_Provided records_

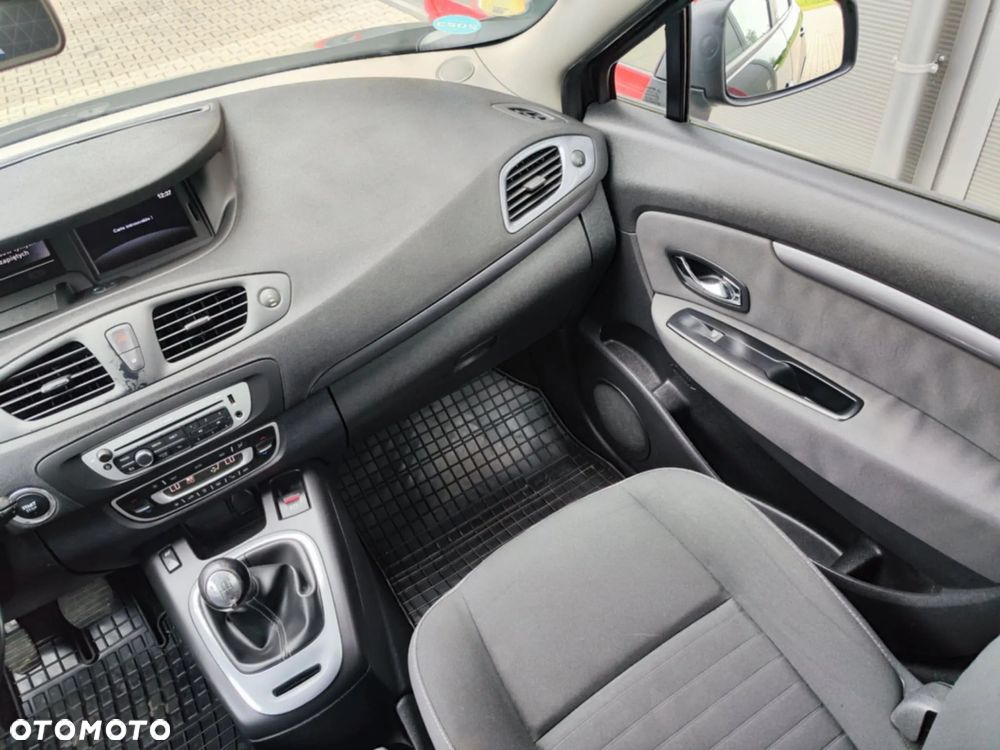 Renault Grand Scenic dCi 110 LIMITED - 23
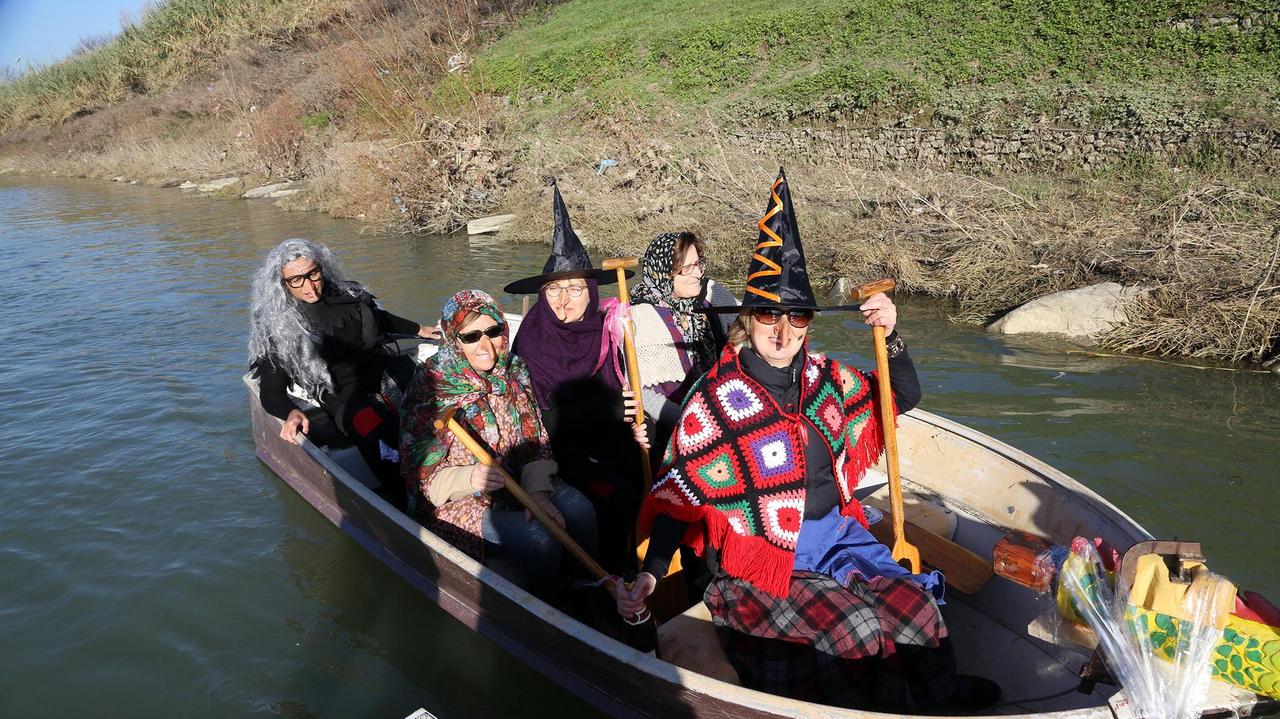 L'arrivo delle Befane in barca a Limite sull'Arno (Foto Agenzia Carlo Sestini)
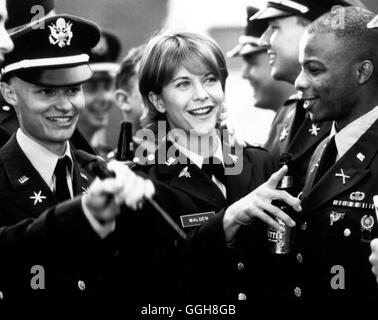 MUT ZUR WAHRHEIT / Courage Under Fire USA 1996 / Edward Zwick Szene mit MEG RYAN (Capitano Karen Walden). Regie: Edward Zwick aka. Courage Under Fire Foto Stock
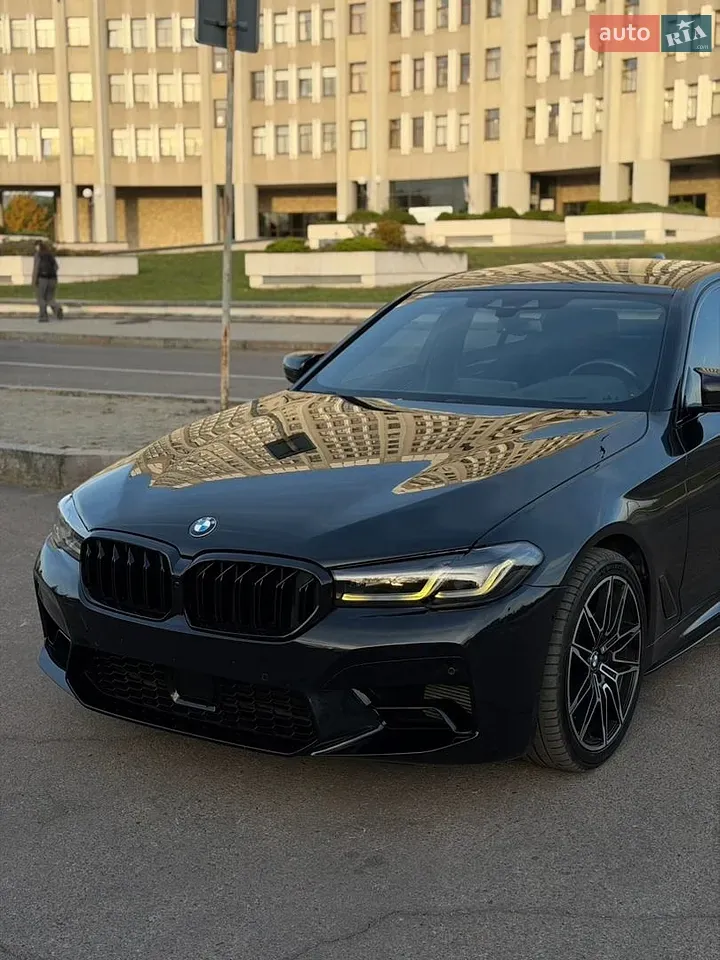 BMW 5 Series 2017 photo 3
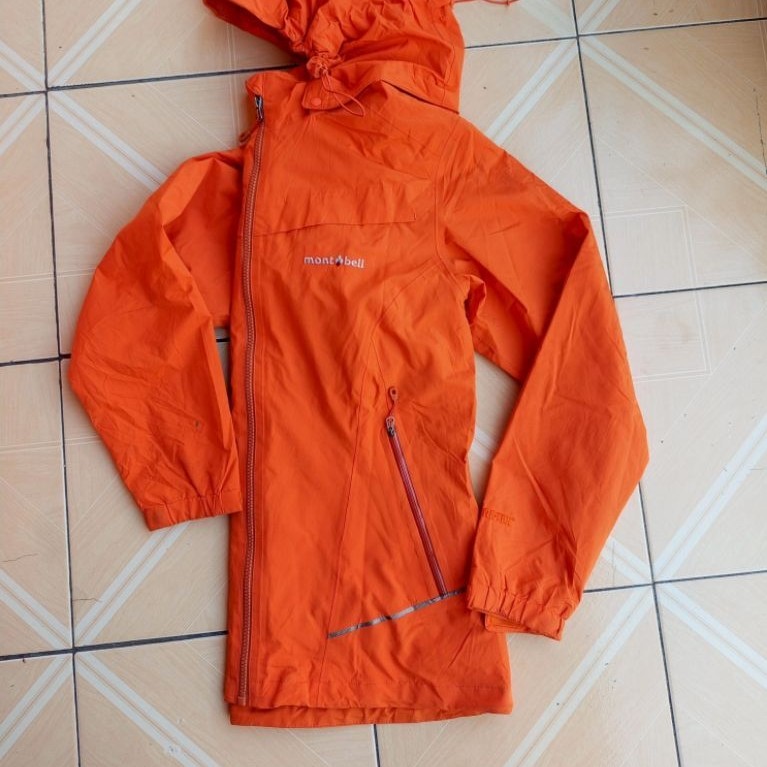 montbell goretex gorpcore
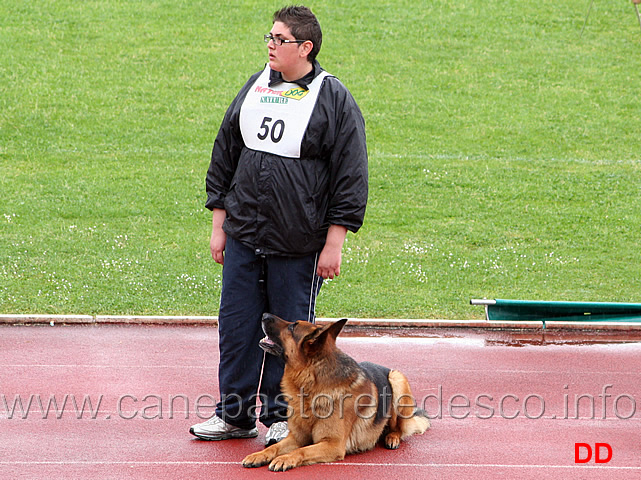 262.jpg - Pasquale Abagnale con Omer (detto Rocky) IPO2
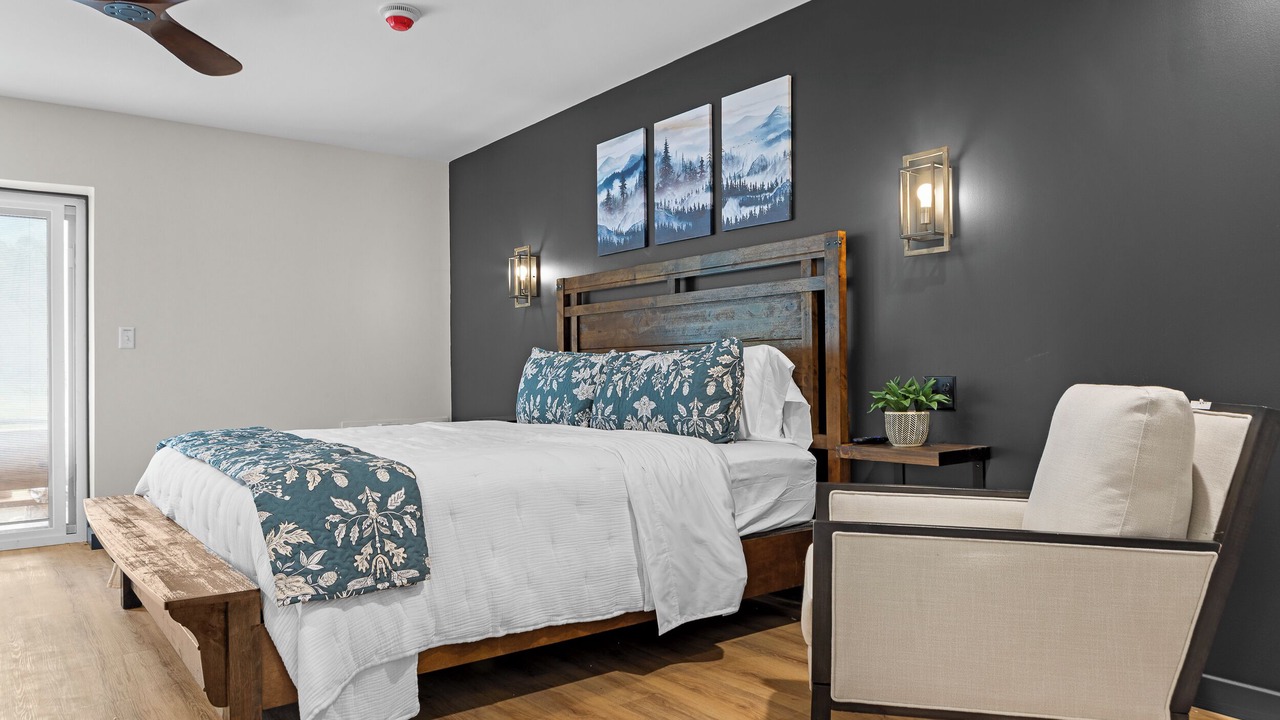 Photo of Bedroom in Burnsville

_What is expected_
Copy every line of the data exactly as written, excluding the pictures.

_Response area_
 Renault Grand Scenic dCi 110 LIMITED - 23
 L'arrivo delle Befane in barca a Limite sull'Arno (Foto Agenzia Carlo Sestini)
 MUT ZUR WAHRHEIT / Courage Under Fire USA 1996 / Edward Zwick Szene mit MEG RYAN (Capitano Karen Walden). Regie: Edward Zwick aka. Courage Under Fire Foto Stock
 BMW 5 Series 2017 photo 3
 montbell goretex gorpcore
 262.jpg - Pasquale Abagnale con Omer (detto Rocky) IPO2
 Photo of Bedroom in Burnsville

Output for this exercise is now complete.